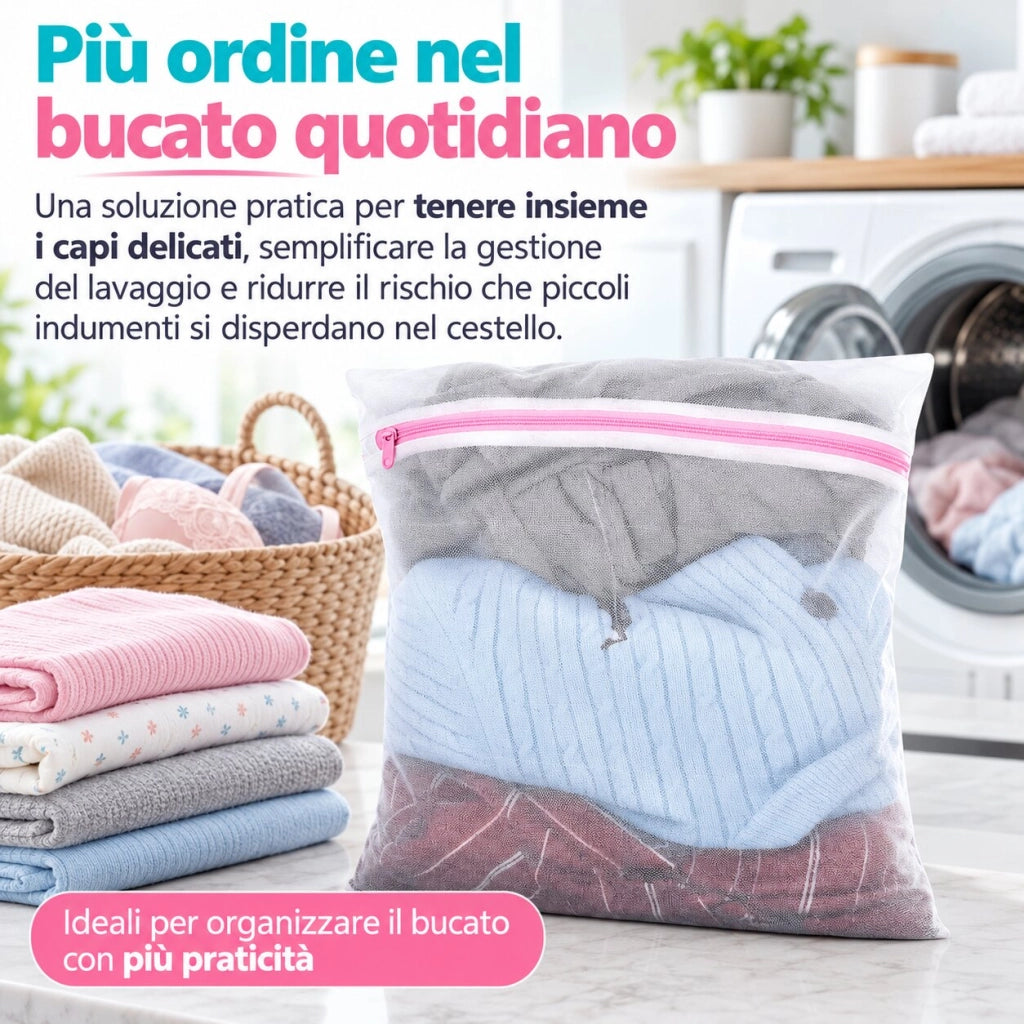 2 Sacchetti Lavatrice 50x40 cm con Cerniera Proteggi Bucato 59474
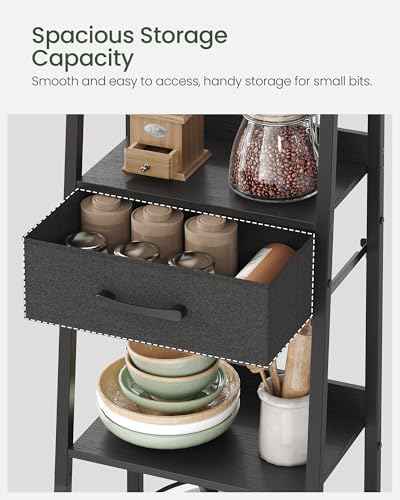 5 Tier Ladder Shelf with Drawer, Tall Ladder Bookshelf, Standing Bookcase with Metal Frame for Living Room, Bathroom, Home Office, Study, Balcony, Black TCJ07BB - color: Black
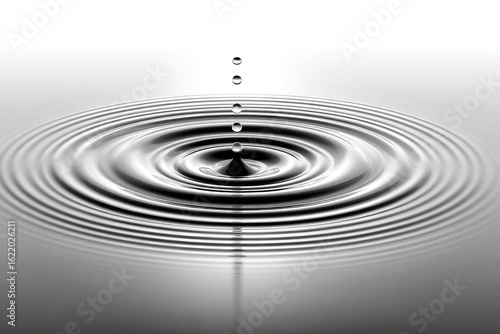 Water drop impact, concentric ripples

**Description of the task**
Repeat the listing above exactly, omitting the pictures it contains.

**Response area**
 2 Sacchetti Lavatrice 50x40 cm con Cerniera Proteggi Bucato 59474
 5 Tier Ladder Shelf with Drawer, Tall Ladder Bookshelf, Standing Bookcase with Metal Frame for Living Room, Bathroom, Home Office, Study, Balcony, Black TCJ07BB - color: Black
 Water drop impact, concentric ripples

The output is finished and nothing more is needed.